23 Sep The Strategic Way To Hire a Sales Team
The equivalent of an entire sales force is replaced at many firms every four years, so it’s critical that go-to-market initiatives remain tied to strategic goals. Frank Cespedes explains how in his book, Aligning Strategy and Sales.
By Carmen Nobel – http://hbswk.hbs.edu
Too often, there’s a huge gap between a company’s overall business strategy and the way its salesforce operates in the field. In fact, says Frank V. Cespedes, articles and books about strategy rarely take sales into consideration at all.

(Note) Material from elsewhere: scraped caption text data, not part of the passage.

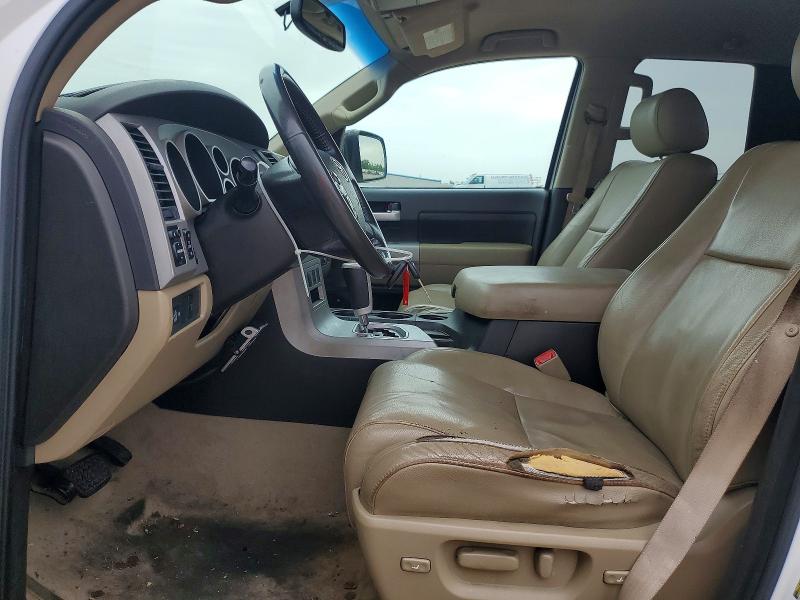 2007 Toyota Tundra VIN 5TFRV58127X023431 COPART salvage auction — FRONT END, TX - CERTIFICATE OF TITLE, sold $3,500 on 2026-07-17 (photo 7)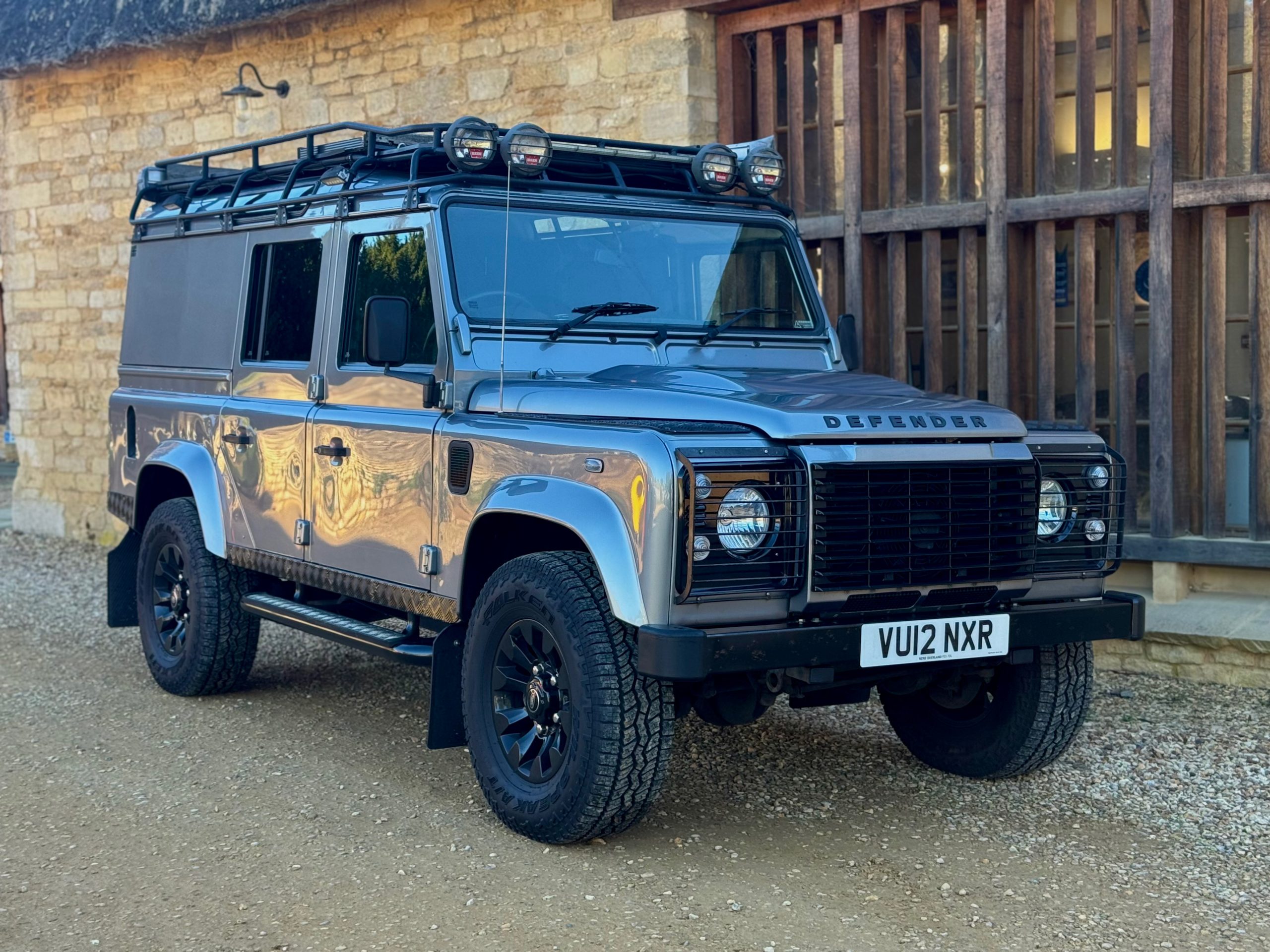 2012 Land Rover Defender 110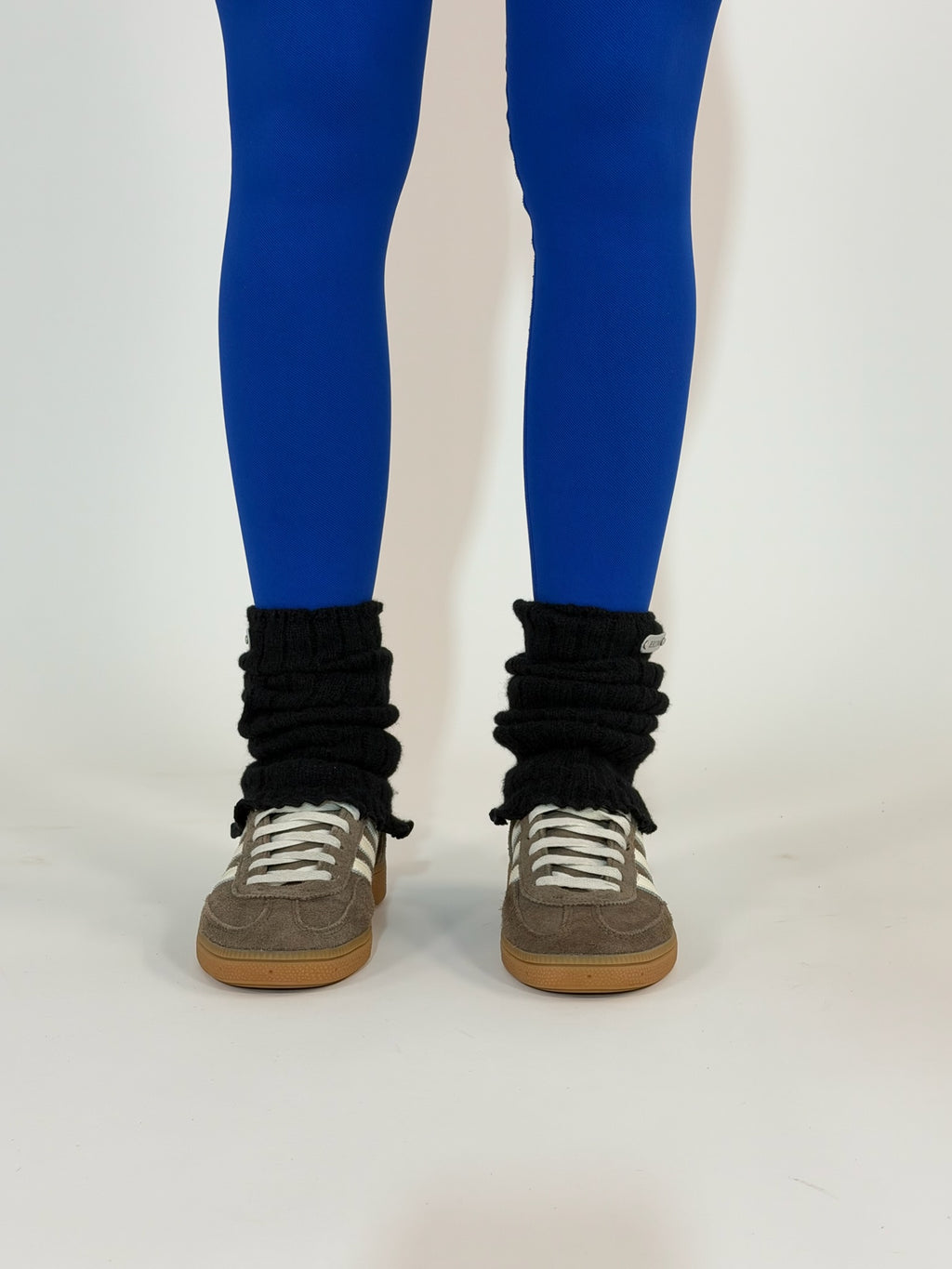 Calentadores Deportivos Negro Vision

“Everybody talks about the importance of talent management,” says Cespedes, a senior lecturer in the Entrepreneurial Management unit at Harvard Business School. “But far fewer confront a basic fact: Companies typically spend much more money and hire many more people, annually, in their sales function than they do anywhere else in the firm. At Google and Groupon, for instance, a higher percentage of employees work in sales than engineering or data mining. And at Facebook the salesforce’s ability to translate ‘likes’ into advertisers will make or break that company’s valuation and fortunes going forward.”
Be clear about what you mean by relevant “experience,” which is the most frequently used criterion by sales managers.
In his new book, Aligning Strategy and Sales, Cespedes discusses why the gap is so common—and outlines effective steps to bridge it. This excerpt is drawn from the chapter “People,” in which Cespedes explains a strategic process for hiring and managing an effective salesforce:
Build Your Team: Recruitment and Selection
From: Aligning Strategy and Sales
Putting the right team on the field is crucial. As the saying goes, “You hire your problems.” Recruitment and selection are now more important for various reasons. Due to the data and analytical tasks facing many sales forces, productivity ramp-up times have increased. Each hire then represents a bigger sunk cost for a longer time. As baby boomers retire, they must be replaced. In addition, there were layoffs in sales (and other functions) throughout the recession starting in 2008. As firms seek to grow, putting more “feet on the street” (or in inside sales positions) increases hiring. And the math, as Jim Dickie and Barry Trailer document, is daunting. In surveys, their data has been consistent for years: involuntary turnover in sales organizations has remained at 13 percent, since peaking at 14.6 percent in 2009, and total turnover (involuntary and voluntary—i.e., retirements, moves, etc.) in both good and bad times runs between 25 and 30 percent.9 This means that the equivalent of the entire sales force must be replaced at many firms every four years or so. And the time frame shrinks if and when companies increase revenue targets.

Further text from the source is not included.